C’est possible, mais j’observerai d’abord que ce peu d’humanité qui resterait chez les non-euclidiens, suffirait non seulement pour qu’on pût traduire un peu de leur langage, mais pour qu’on pût traduire tout leur langage.

Maintenant, qu’il faille un minimum, c’est ce que je concède ; je suppose qu’il existe je ne sais quel fluide qui pénètre entre les molécules de notre matière à nous, sans avoir aucune action sur elle ni sans subir aucune action qui en vienne. Je suppose que des êtres soient sensibles à l’influence de ce fluide et insensibles à celle de notre matière. Il est clair que la science de ces êtres différerait absolument de la nôtre et qu’il serait superflu de chercher un « invariant » commun à ces deux sciences. Ou bien encore, si ces êtres rejetaient notre logique et n’admettaient pas, par exemple, le principe de contradiction.
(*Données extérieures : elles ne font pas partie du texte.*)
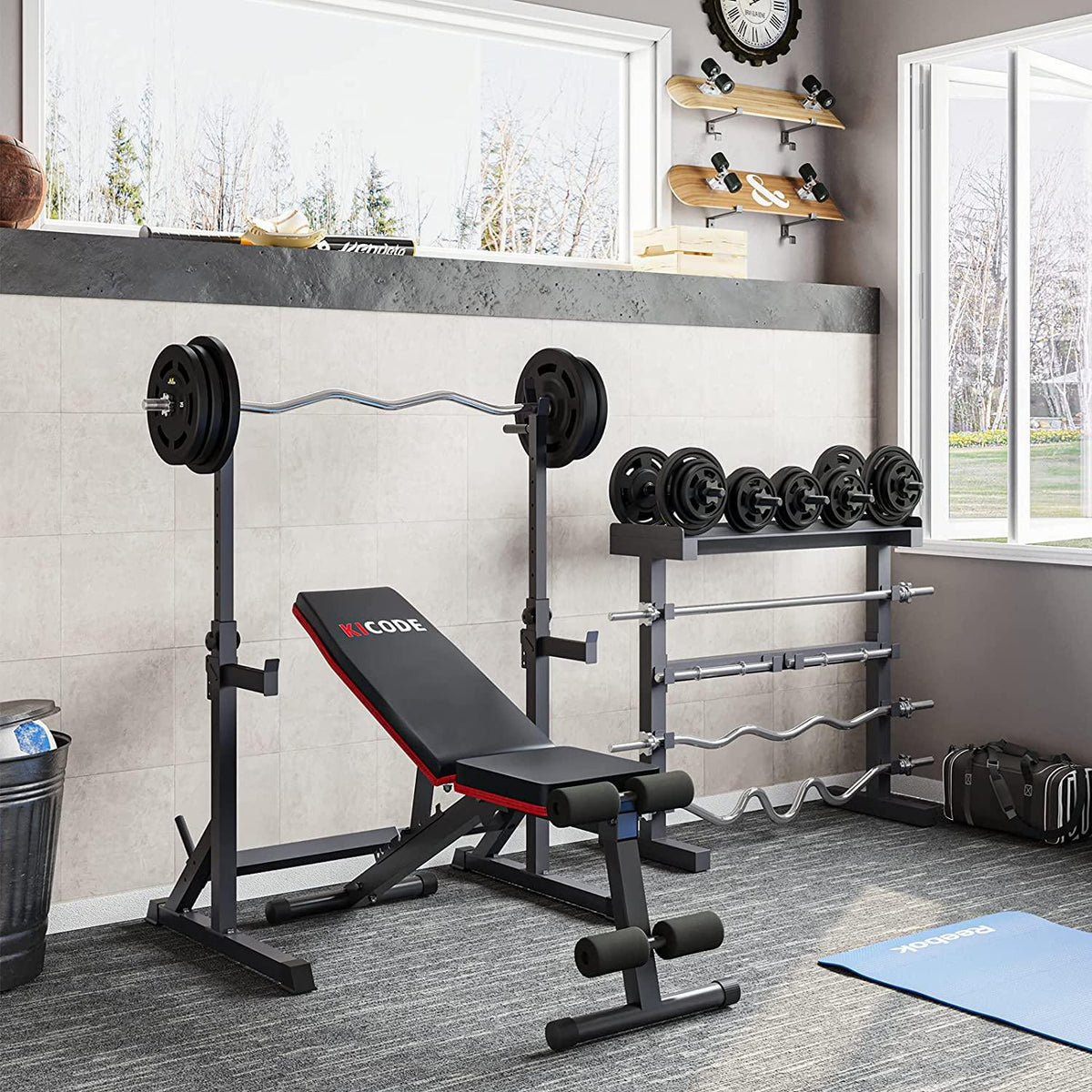 Squat Rack, Multi-Function Adjustable Barbell Rack, Max Load 500 LBS Bench Press Stands, Adjustable Weight Rack Dip Stand Fitness Barbell Bench Home Gym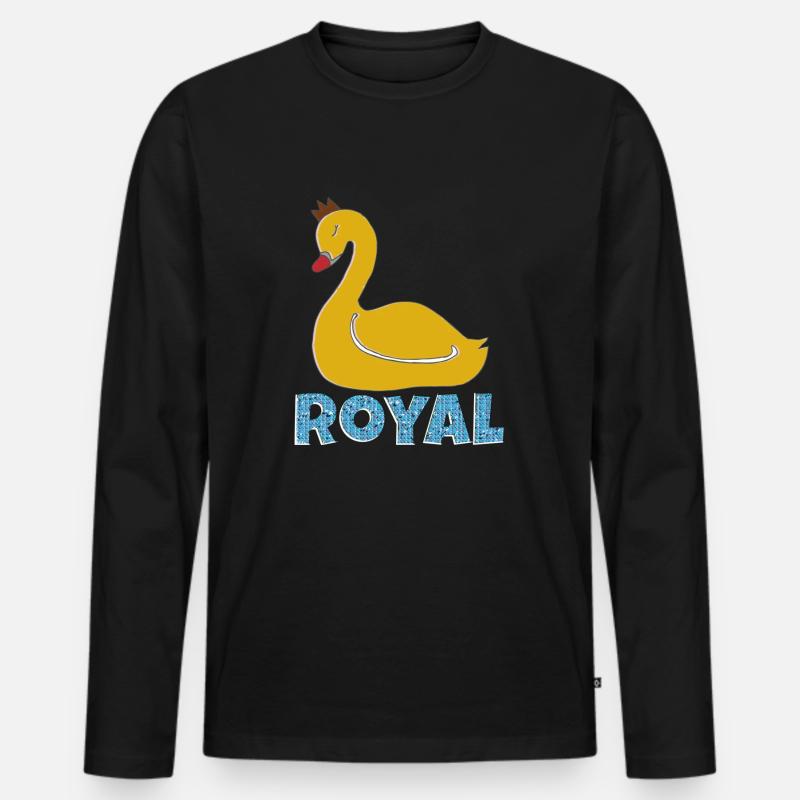 schwan royal - Männer Premium Bio Langarmshirt - Schwarz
Mais vraiment je crois qu’il est sans intérêt d’examiner de semblables hypothèses :

Et alors, si nous ne poussons pas si loin la bizarrerie, si nous n’introduisons que des êtres fictifs ayant des sens analogues aux nôtres et sensibles aux mêmes impressions, et d’autre part admettant les principes de notre logique, nous pourrons.conclure alors que leur langage, quelque différent du nôtre qu’il puisse être, serait toujours susceptible d’être traduit.

Or la possibilité de la traduction implique l’existence d’un invariant. Traduire, c’est précisément dégager cet invariant. Ainsi déchiffrer un document cryptographique, c’est chercher ce qui dans ce document demeure invariant, quand on en permute les lettres.

Quelle est maintenant la nature de cet invariant, il est aisé de s’en rendre compte, et un mot nous suffira. Les lois invariantes ce sont les relations entre les faits bruts, tandis que les relations entre les « faits scientifiques » restaient toujours dépendantes de certaines conventions.